Bem, eu estou certamente a ver a ideia, e parece-me interessante: uns
clubes são progressistas, outros são conservadores, e cada um
governa-se a si próprio - sendo que em todos temos de usar casaco e
gravata. Mas ocorreu-me uma pergunta filosófica: como poderemos garantir
que os diferentes clubes se respeitarão uns aos outros? Como
garantiremos que, uma vez reintroduzida a variedade na União Europeia,
os Estados--nação se comportarão como os clubes de Londres, em vez de
voltarem a guerrear-se entre si?
A resposta não se fez esperar: "Quanto mais livres, menos razões
haverá para os Estados europeus se guerrearem entre si. Foi a crescente
integração uniformizadora, gerada pela miragem do euro, que criou as
actuais tensões entre o Norte e o Sul."
Isso pode ser bem verdade em teoria, pensei eu, mas não sei se
funciona na prática. E, cogitando nestas dúvidas, regressei ao Oxford
& Cambridge Club, cem metros ali ao lado. Foi então que descobri uma
inesperada comunhão entre os dois clubes: além de ambos não terem ar
condicionado, ambos partilham a comoção nacional com o nascimento do "royal baby".
Atrevi-me então a perguntar a um amigo progressista qual era a razão
de tamanha comoção nacional com o bebé real. "Bem, mas é óbvio",
respondeu-me ele. "É o símbolo da continuidade da ancestral
soberania do nosso Parlamento." Depois perguntei a uma amiga
conservadora.
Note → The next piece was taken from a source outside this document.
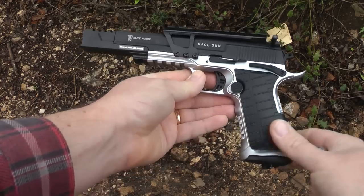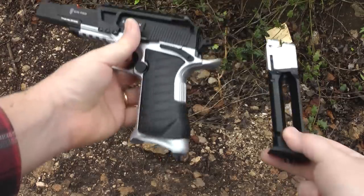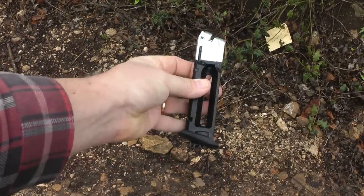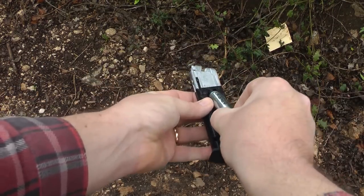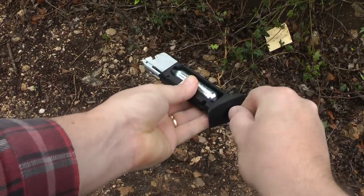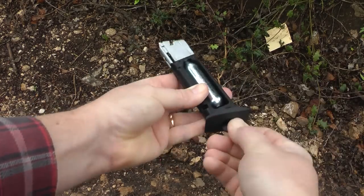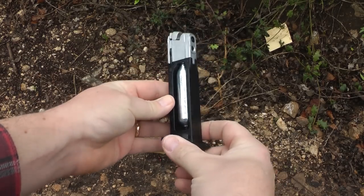It's very easy to put one in. You press this release button here and the magazine holder pops out. You drop in your CO2 cartridge and you wind the thumb turn on the bottom until you get that hiss of happiness. Here we go. And your cartridge is ready to go.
E a resposta foi igualmente óbvia: "É o símbolo da nossa ancestral soberania nacional e da ancestral soberania da nossa monarquia parlamentar."
Retorqui com uma inescapável pergunta filosófica continental: mas por que razão veneram ambos uma soberania ancestral? A resposta foi quase em uníssono: "Tem funcionado razoavelmente bem, não acha? Por que razão iríamos abandonar uma tradição ancestral que funciona menos mal por uma promessa incerta de perfeição modernizadora?"